Being published – about that. I’ve been published in actual print exactly once, in Rattle #17. I was very chuffed by this one publication, which my friend Holly called “a hell of a debut,” if I recall correctly. I also re-read this poem (of mine) recently, and – let’s just say it owes a LOT to “We Never Close.” I think it doesn’t rise (or fall) to the level of plagiarism, but if I had turned it in to my snotty bastard of an English 102 professor as an assignment I bet he could have found a way to gig me about it. I’m not sure about the copyright ethics of posting that poem here, but since Rattle pays only in a subscription, they never did “subscribe” me, and after I nagged them they palmed off back-numbers on me, I’m going to say what the hell. Not that I’m bitter about this (and my English 102 professor) almost 20 years later.
Anyway, this poem that was very important to me – I forgot completely about it. I could remember scraps of it, but once you forget the title and the author’s name – let’s just say a poem that was published in The Georgia Review and perhaps collected in one of the poet’s books is not going to pop in Google when you start feeding Google scraps like “down to her last dime of crying poem” or even “sometimes you have to drive until you find it poem” (I almost remembered the first line but not quite). Google does not care how evocative a line is, or really even give a damn about much of anything besides sheer volume of queries for things. Google is pretty much your dim friend from high school who remembers everything about the football games but forgot his or her homework at the time, and forgets you ten year later.
So I’d been chewing on this problem for a few days, trying to remember more, especially the name of the title and/or the author. “David” had been coming to me, because David Bottoms’ poem sprang readily to mind, and I had it in my head about the author of this poem being David as well (or did David Bottoms write both of them? It was all going in circles.)
It came to me, not in a U-Haul north of Damascus, but in a Camry north of Costco, where we went this morning for a few supplies. First the title, which I asked my co-pilot (wife) to look up on Google before I forgot it, and then when she started reading results (many of which were vague) and came to David Clewell, I knew that was it. Much more googling when I got home, and here we are, writing a blog post about it.
It’s funny how the brain stores so much, but recalls so little.

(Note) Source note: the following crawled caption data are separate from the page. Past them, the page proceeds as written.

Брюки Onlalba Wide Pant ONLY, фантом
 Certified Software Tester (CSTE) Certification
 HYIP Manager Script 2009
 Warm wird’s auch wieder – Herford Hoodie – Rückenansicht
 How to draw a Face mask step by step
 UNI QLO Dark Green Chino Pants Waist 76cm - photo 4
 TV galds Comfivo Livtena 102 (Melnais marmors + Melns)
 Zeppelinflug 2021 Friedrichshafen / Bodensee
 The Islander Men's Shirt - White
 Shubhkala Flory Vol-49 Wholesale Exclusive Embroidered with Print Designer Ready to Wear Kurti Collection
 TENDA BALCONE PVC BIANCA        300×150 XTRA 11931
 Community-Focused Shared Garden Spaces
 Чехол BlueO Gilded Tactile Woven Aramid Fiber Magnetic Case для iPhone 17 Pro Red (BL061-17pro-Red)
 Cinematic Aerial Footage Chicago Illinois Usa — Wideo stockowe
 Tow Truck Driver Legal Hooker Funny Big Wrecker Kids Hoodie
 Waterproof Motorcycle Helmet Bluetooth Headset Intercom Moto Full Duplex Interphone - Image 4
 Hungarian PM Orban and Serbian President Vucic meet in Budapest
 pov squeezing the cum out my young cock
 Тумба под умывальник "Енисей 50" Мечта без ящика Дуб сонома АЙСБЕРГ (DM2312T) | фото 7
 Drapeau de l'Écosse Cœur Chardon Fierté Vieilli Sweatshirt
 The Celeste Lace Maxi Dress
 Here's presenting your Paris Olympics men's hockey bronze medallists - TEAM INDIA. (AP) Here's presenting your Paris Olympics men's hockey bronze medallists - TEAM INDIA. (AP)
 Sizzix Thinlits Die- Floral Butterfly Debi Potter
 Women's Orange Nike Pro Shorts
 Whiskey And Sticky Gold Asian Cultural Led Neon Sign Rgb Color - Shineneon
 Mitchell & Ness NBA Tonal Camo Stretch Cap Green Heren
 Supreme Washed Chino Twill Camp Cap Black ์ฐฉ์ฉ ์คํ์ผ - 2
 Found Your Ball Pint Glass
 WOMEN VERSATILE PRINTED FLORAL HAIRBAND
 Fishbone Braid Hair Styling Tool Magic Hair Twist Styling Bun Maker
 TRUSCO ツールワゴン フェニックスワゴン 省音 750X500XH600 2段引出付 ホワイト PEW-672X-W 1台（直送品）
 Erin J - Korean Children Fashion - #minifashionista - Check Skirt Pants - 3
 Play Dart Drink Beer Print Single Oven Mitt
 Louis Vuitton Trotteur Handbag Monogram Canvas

My advice to you is that if a poem means something to you, pin a rose on it. Buy the book and stick a bookmark there, or copy it into a document and store it as carefully as you do your own writings (keep backups!) Don’t leave it to memory any more than you would a dream that you have at 2 am and think there’s a poem in there somewhere.
David Clewell 1955-2020
Sadly, the searching process also took me to his obituary. Clewell died last year, aged 65. I don’t know what to say about that except – cherish your literary heroes while you may. (An aside: I was offered a chance to hear Wendell Berry speak about a decade ago. I had a very hard conflict on the evening in question; I could not get away. It depressed me at the time. I knew then that I would be kicking myself for the rest of my life, even though it was impossible. He’s still alive, so there is still hope…). Buy their books. Subscribe to journals they contribute to.
As I run out of gas on this topic and drift further afield, I’ll also say: I suffered a lot in those days about 20 years ago of being reluctant to buy, subscribe, and collect poetry because I always thought there was something better around the corner. But sometimes, with apologies to Clewell’s great first line I didn’t remember – you have to stop driving, and buy and read something that you’ve found.